While it’s not a movie that you’re likely to see with your children until they’re much older, the moment at the beginning of the film where the three wise men retract their gifts because they realise that Brian is not the Messiah, will always conjure up a wry smile from the audience
Wise Man #1: Ahem!
Brian's mother: Oh!
[falls over in chair]
Brian's mother: Who are you?
Wise Man #2: We are three wise men.
Brian's mother: What?
Wise Man #1: We are three wise men.
Brian's mother: Well, what are you doing creeping around a cow shed at two o'clock in the morning? That doesn't sound very wise to me!
Elf is one of those movies where Will Ferrell brings a unique dimension to his character which will have both adults and children in fits of laughter. In Elf we see the story of Buddy, a human who wound up at the North Pole with Santa as a child, who has now returned to America.
Unfortunately as a result of his magical upbringing, Buddy is blissfully ignorant about the modern way of life. Early in the movie we see Buddy in a mall for the first time, elated at the thought of seeing Santa once more at Santa’s Grotto. The exchange which ensues is utterly brilliant:
Buddy: Who the heck are you?
Gimbel's Santa: What are you talkin' about? I'm Santa Claus.
Buddy: No, you're not.
Gimbel's Santa: Uh, why of course I am! Ho, ho, ho, ho, ho.

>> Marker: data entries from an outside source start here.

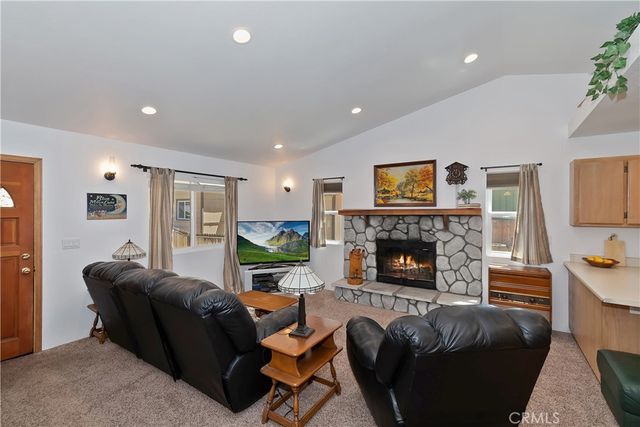 39298 Lark, Big Bear Lake, CA 92315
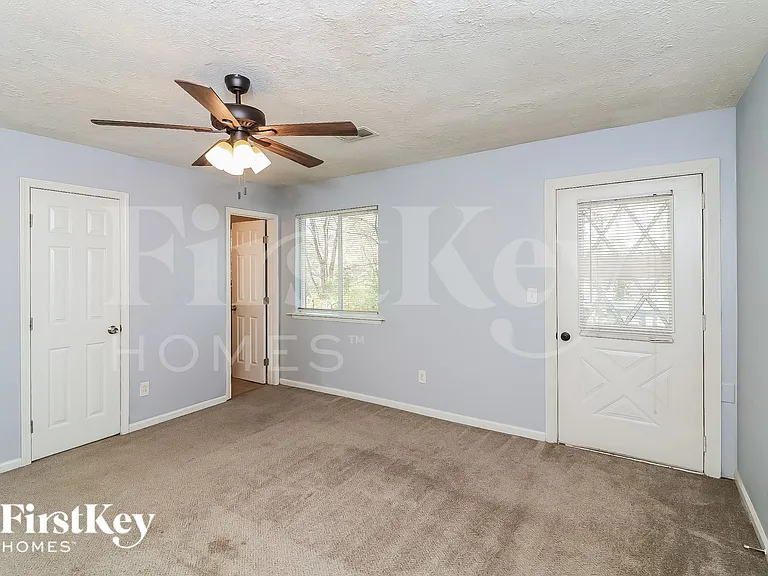 1060 Forest Path — Photo 11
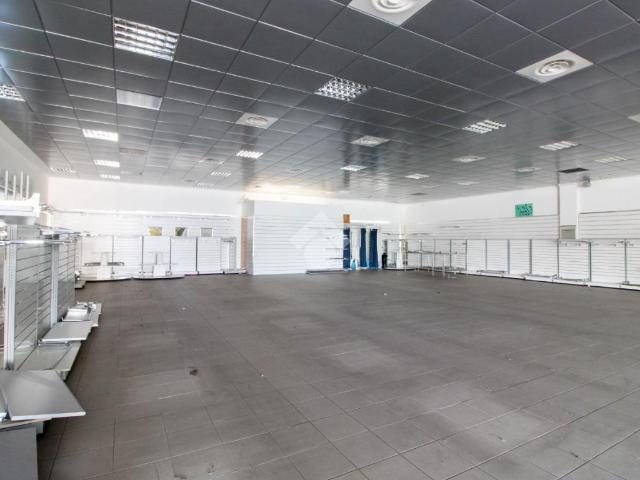 Locale Commerciale in vendita a Fornaci, Chiari
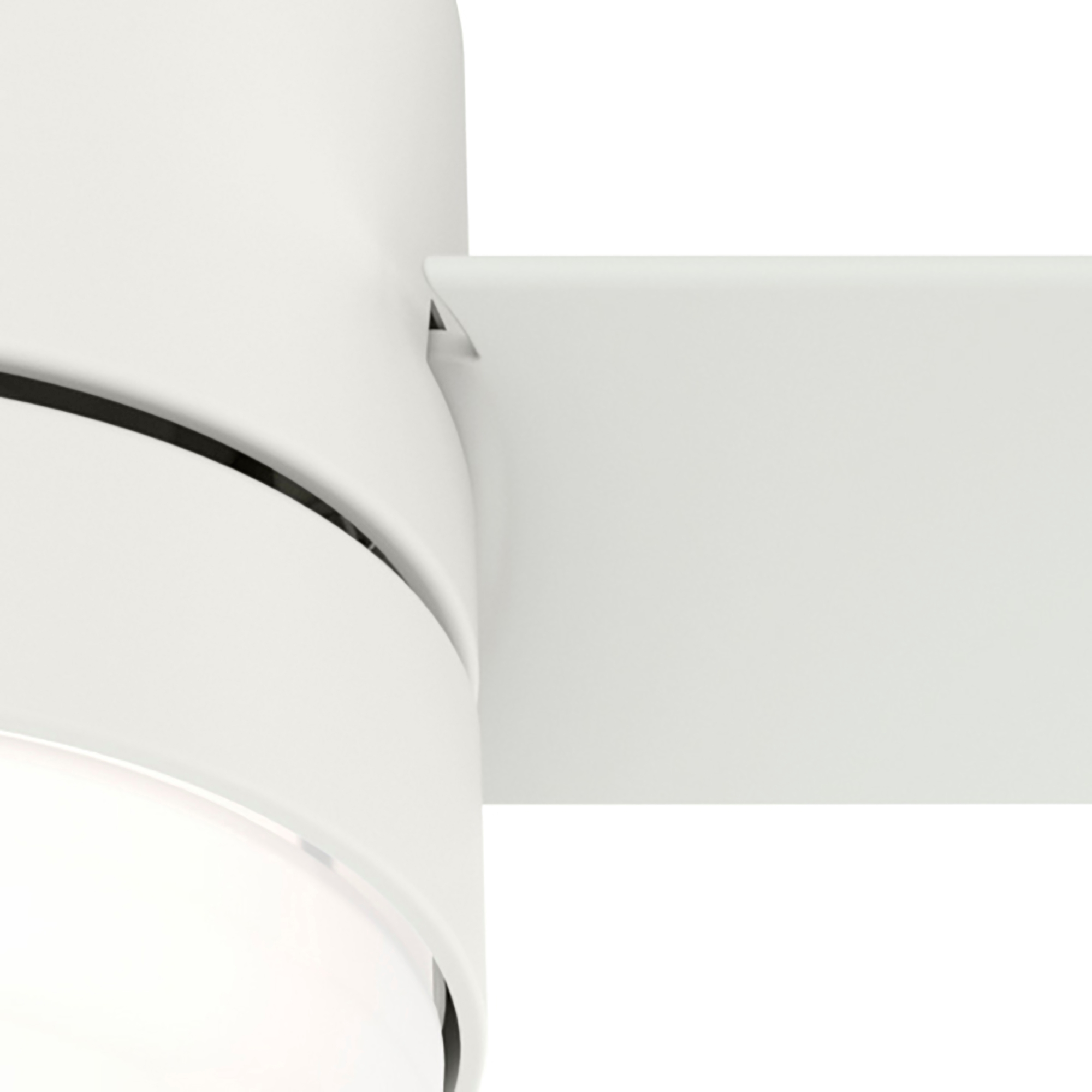 Nahaufnahme eines weißen Deckenventilators, Ventilatorkopf mit Licht und Flügeln.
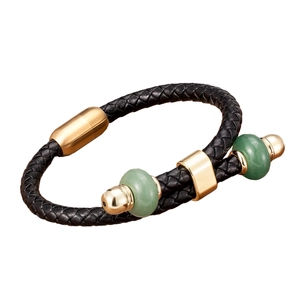Gevlochten zwarte lederen armband met gouden magneetsluiting en groene edelstenen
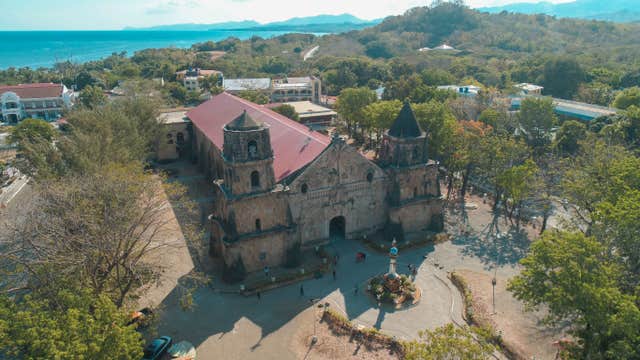 Private Iloilo City Tour to Heritage Attractions & Historic Churches with Lunch & Transfers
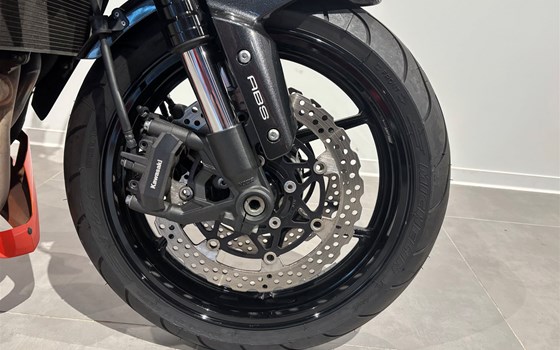 Gebrauchtmotorrad Kawasaki Z1000 - Bild 10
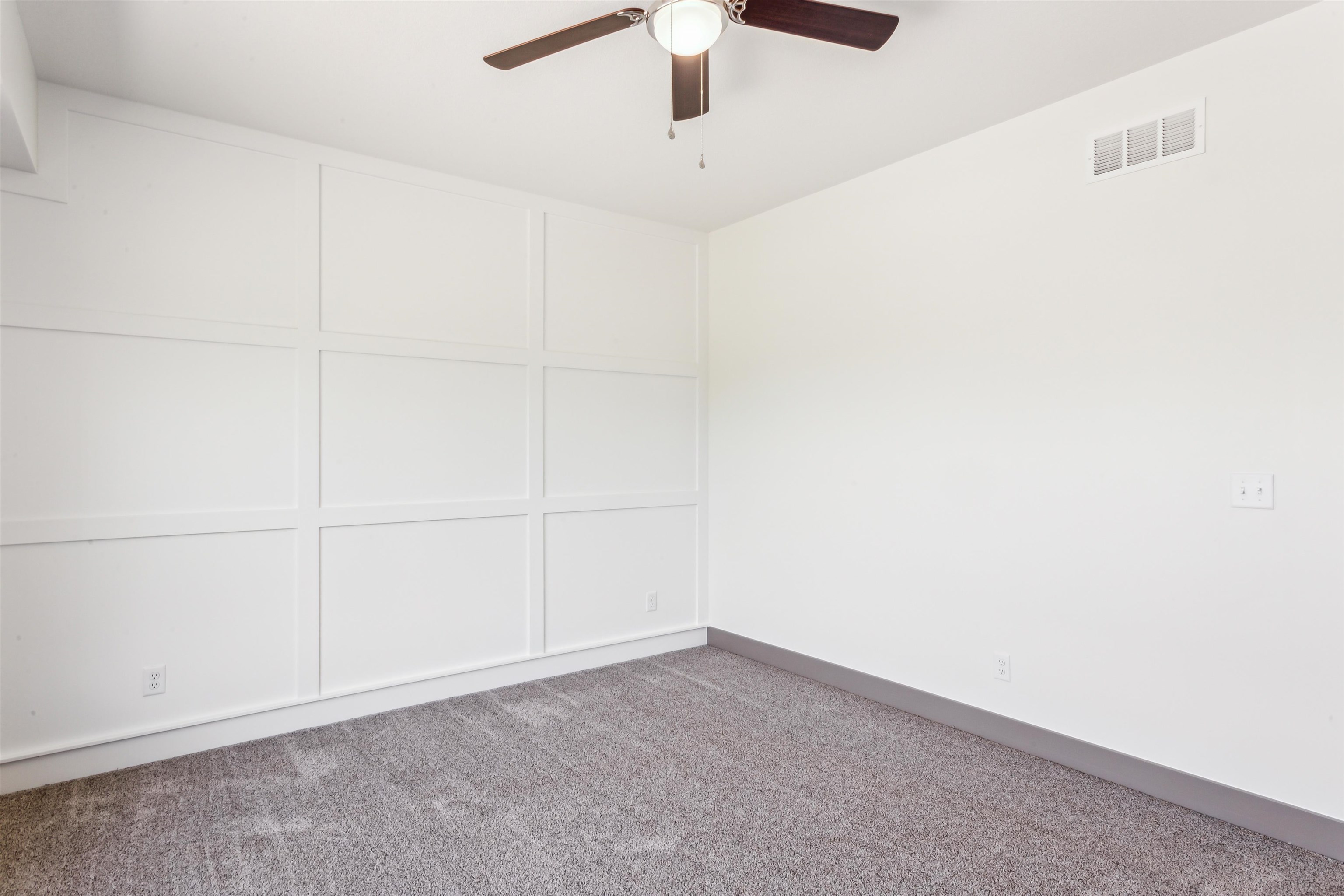5821 N Newport St, Park City, Kansas image 13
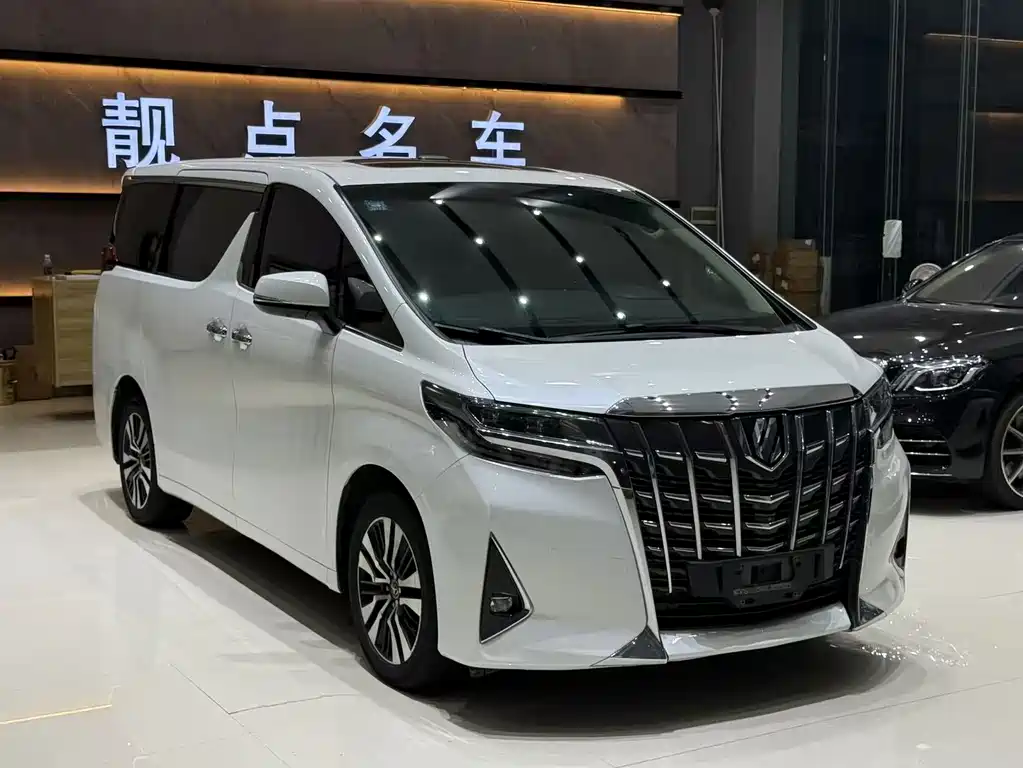 Toyota Alphard — фото 2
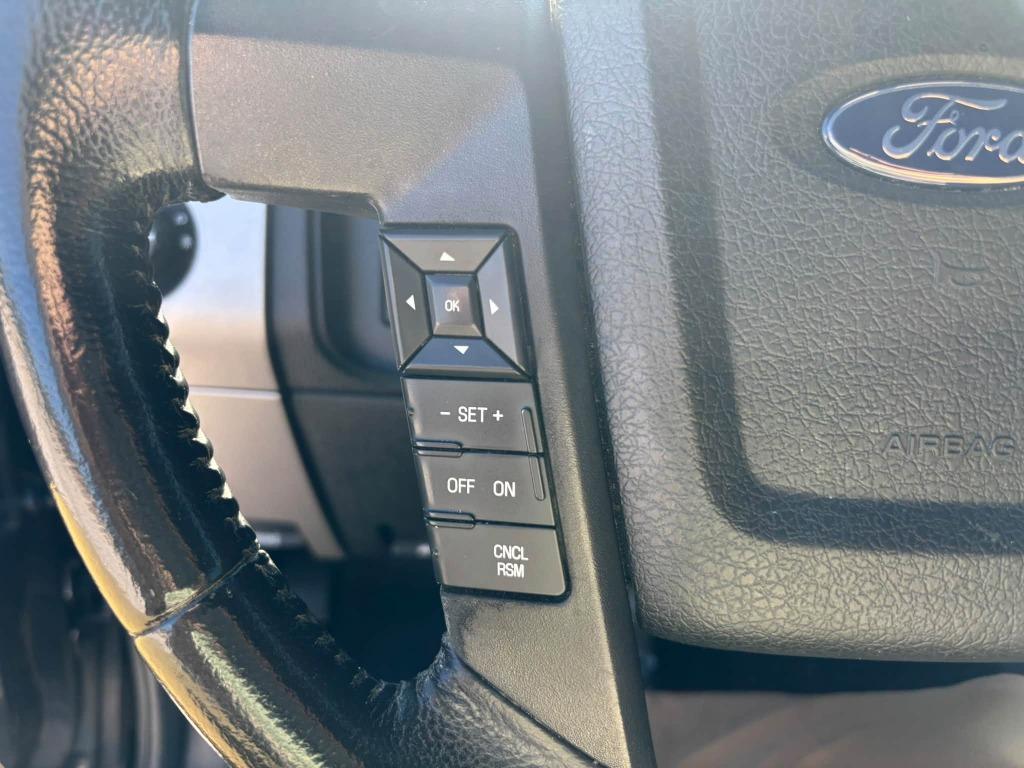 2017 Ford Expedition - $11,995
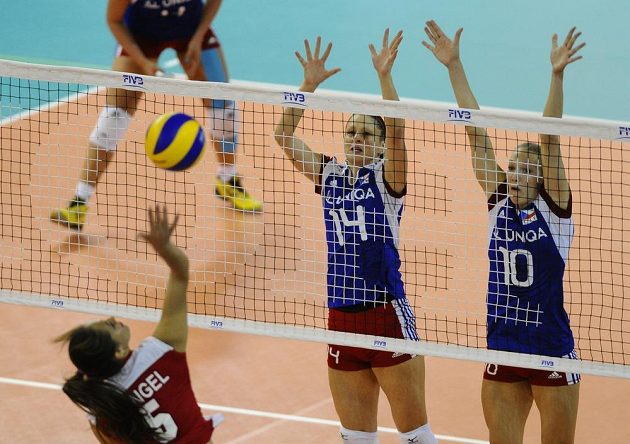 České volejbalistky Nikol Sajdová (vzadu vlevo) a Michala Kvapilová v duelu proti Mexiku.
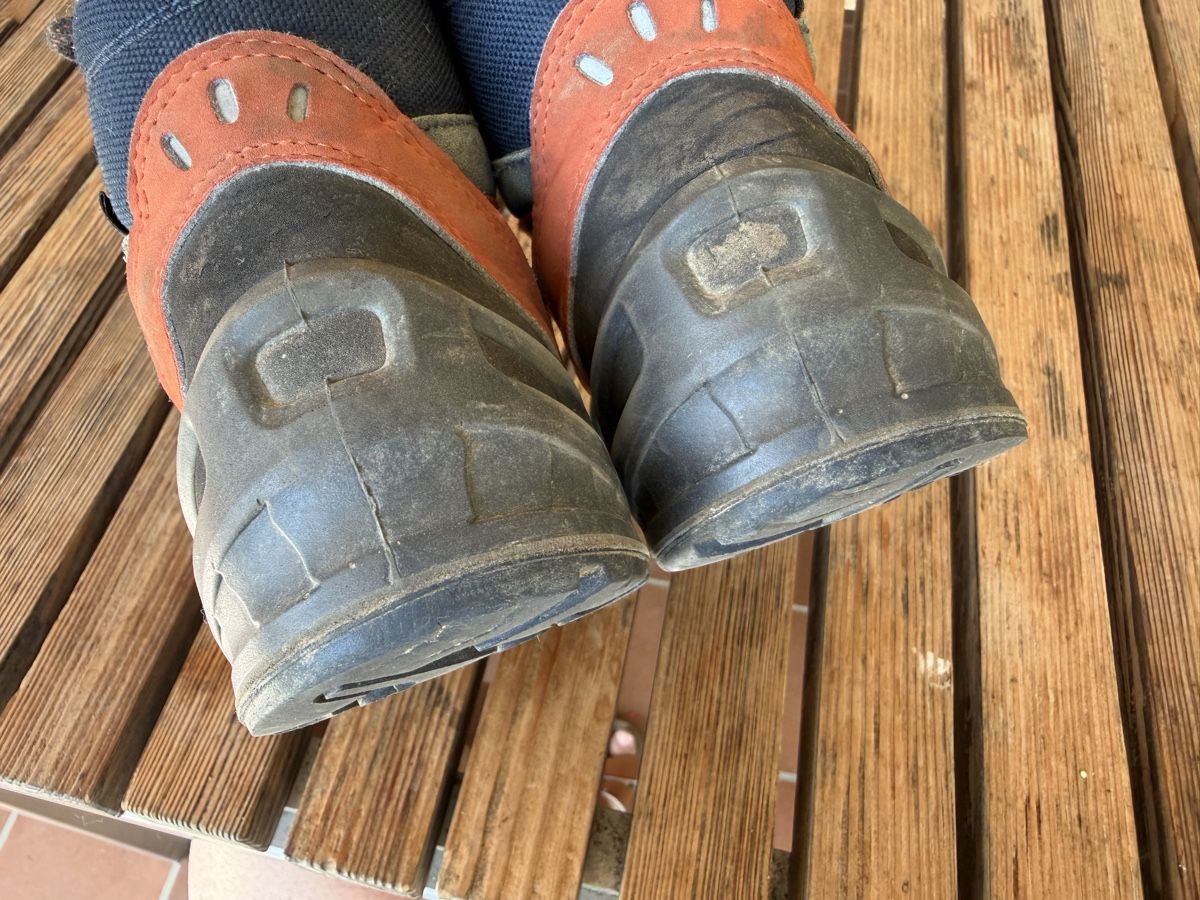 Lowa Scarpe per ragazzi: Wanderschuhe LOWA 33 – Usato da Nussbaumen AG venduto da sputnikrules 4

Buddy: Well, if you're Santa, what song did I sing for you on your birthday this year?
Gimbel's Santa: Um, Happy Birthday of course. Ho, ho, ho, ho, ho, ho. How old are you son?
Kid with Santa: Four.
Gimbel's Santa: You're a big boy. What's your name?
Kid with Santa: Paul.
Gimbel's Santa: Now what can I get you for Christmas?
Buddy: Don't tell him what you want, he's a liar.
Gimbel's Santa: Let the kid talk.
Buddy: You disgust me! How can you live with yourself?
Gimbel's Santa: Just cool it, Zippy.
Buddy: You sit on a throne of lies!
The Santa Clause
The Santa Clause is one of those heartfelt movies which anyone with kids will find particularly touching – especially anyone who has had to go through divorce. In this movie events transpire which leads to Tim Allen becoming the new Santa Claus, delivering presents to boys and girls with the help of his young son. There are plenty of light-hearted jovial moments which are both designed to inspire kids and make parents grin in the same way that Shrek and The LEGO Movie are now famous for. Case in point, this exchange between Tim Allen’s character and his son, Charlie…
Charlie: Whoa, Dad! You're flying!
Scott Calvin: It's okay, I'm used to it. I lived through the '60s.
…which is followed by an exchange between the son and his new stepdad:
Neil: What about Santa's reindeer? Have you even seen a reindeer fly?
Neil: Well, I haven't.
Charlie: Have you ever seen a million dollars?
Charlie: Just because you can't see something, doesn't mean is doesn't exist.